March 14. Broad-leaved panic grass (Panicum latifolium) beginning to sprout on a southern exposure, while there is sleighing in the street. A solitary spathe of skunk-cabbage (Pothos fœtida) beginning to show itself on the same exposure. Leaves of curled dock (Rumex crispa) appeared in the same place. Maple-trees tapped for sugar.

16. Pothos fœtida in full flower.

25. Black ducks arrived. Catkins of the poplar-tree (Populus tremuloides) expanded. Catkins of the speckled willow (Salix Muhlenbergiana) expanded.

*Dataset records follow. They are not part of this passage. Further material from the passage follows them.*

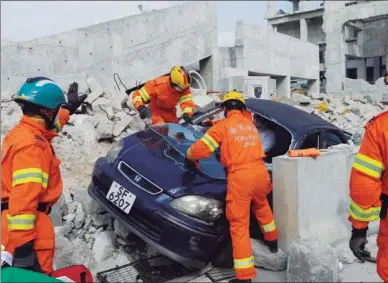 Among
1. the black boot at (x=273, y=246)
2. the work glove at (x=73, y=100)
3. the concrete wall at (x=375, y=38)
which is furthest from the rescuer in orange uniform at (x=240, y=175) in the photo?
the concrete wall at (x=375, y=38)

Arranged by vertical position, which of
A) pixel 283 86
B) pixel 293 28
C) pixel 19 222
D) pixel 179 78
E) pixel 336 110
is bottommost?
pixel 336 110

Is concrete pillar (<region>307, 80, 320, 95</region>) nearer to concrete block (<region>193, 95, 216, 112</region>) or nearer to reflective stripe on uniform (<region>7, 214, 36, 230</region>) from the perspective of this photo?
concrete block (<region>193, 95, 216, 112</region>)

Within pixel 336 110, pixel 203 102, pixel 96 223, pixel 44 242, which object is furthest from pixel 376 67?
pixel 44 242

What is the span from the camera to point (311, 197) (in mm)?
4016

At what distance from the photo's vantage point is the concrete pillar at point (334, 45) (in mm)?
22500

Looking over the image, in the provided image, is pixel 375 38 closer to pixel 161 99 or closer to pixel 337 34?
pixel 337 34

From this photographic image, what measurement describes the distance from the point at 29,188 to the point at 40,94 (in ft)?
2.14

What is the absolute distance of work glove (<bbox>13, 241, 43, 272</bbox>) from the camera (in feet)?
7.19

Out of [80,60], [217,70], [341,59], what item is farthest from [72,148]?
[341,59]

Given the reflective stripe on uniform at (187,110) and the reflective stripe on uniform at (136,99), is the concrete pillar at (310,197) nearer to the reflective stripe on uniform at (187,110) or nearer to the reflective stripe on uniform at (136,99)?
the reflective stripe on uniform at (187,110)

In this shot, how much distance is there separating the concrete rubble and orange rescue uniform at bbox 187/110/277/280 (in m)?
0.46

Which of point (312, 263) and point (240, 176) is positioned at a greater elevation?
point (240, 176)

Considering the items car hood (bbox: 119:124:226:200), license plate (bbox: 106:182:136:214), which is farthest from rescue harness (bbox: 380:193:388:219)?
license plate (bbox: 106:182:136:214)

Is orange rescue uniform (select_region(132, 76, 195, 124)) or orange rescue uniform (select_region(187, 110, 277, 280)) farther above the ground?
orange rescue uniform (select_region(132, 76, 195, 124)) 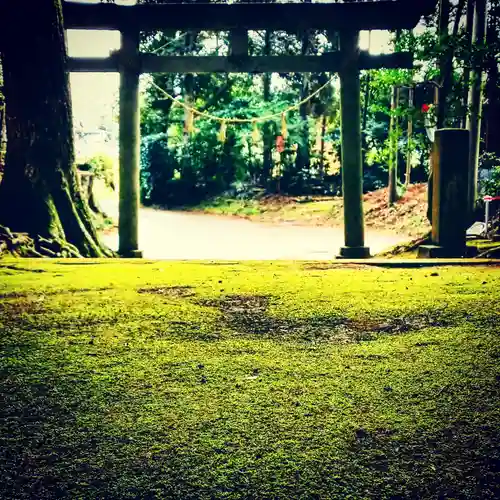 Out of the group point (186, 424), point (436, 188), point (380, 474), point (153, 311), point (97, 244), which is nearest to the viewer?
point (380, 474)

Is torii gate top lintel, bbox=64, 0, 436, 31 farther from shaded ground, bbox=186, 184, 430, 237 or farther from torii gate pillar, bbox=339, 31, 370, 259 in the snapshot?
shaded ground, bbox=186, 184, 430, 237

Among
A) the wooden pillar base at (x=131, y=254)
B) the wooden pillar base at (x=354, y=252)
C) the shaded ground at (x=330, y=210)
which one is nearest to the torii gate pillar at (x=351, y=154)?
the wooden pillar base at (x=354, y=252)

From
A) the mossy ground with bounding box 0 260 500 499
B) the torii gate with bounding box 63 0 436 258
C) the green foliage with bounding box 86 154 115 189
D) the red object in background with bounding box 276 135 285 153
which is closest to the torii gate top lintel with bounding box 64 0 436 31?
the torii gate with bounding box 63 0 436 258

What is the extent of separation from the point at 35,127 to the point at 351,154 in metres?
4.65

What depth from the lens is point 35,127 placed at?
6.27 meters

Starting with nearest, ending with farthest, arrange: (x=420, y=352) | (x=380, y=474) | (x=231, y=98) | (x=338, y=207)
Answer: (x=380, y=474) < (x=420, y=352) < (x=338, y=207) < (x=231, y=98)

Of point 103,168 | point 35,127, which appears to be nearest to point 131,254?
point 35,127

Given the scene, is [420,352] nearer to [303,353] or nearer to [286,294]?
[303,353]

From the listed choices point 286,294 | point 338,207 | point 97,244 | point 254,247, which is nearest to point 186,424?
point 286,294

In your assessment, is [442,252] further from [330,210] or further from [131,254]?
[330,210]

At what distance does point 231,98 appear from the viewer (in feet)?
74.0

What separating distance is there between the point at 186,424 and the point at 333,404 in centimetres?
45

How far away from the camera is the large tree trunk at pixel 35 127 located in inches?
243

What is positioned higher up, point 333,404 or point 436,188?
point 436,188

30. Wild geese arrived. Phœbe arrived.

It began to rain hard on the first of March, and continued raining two days and a half, which nearly carried off an immense body of snow which enveloped the ground. Our rivers, which were more firmly locked with ice than they had been before known for many years to be, rose above their usual bounds, and swept the ice with such rapidity down their channels as to destroy most of the bridges on Connecticut river, besides doing immense damage in other respects. Our meadows were nearly all under ice and water; and at that time a great explosion was heard in the north meadows, two miles from the street, similar to the noise of a cannon. It was occasioned by the throwing up of an immense quantity of frozen ground, which is a great curiosity. The cause is not yet satisfactorily explained. The weather was very warm and pleasant from the 4th to the 22d. What snow the rain did not carry off was melted by the sun during the pleasant weather. Vegetation had begun to put forth rapidly, and many of our birds of passage had arrived. A storm, which commenced on the 22d, as rapidly retarded the progress of vegetation as it was before accelerated, and the remainder of the month was gloomy and uncomfortable. Mud mid-leg deep in the streets.

April 7. Flower-buds of the elm (Ulmus americana) beginning to swell.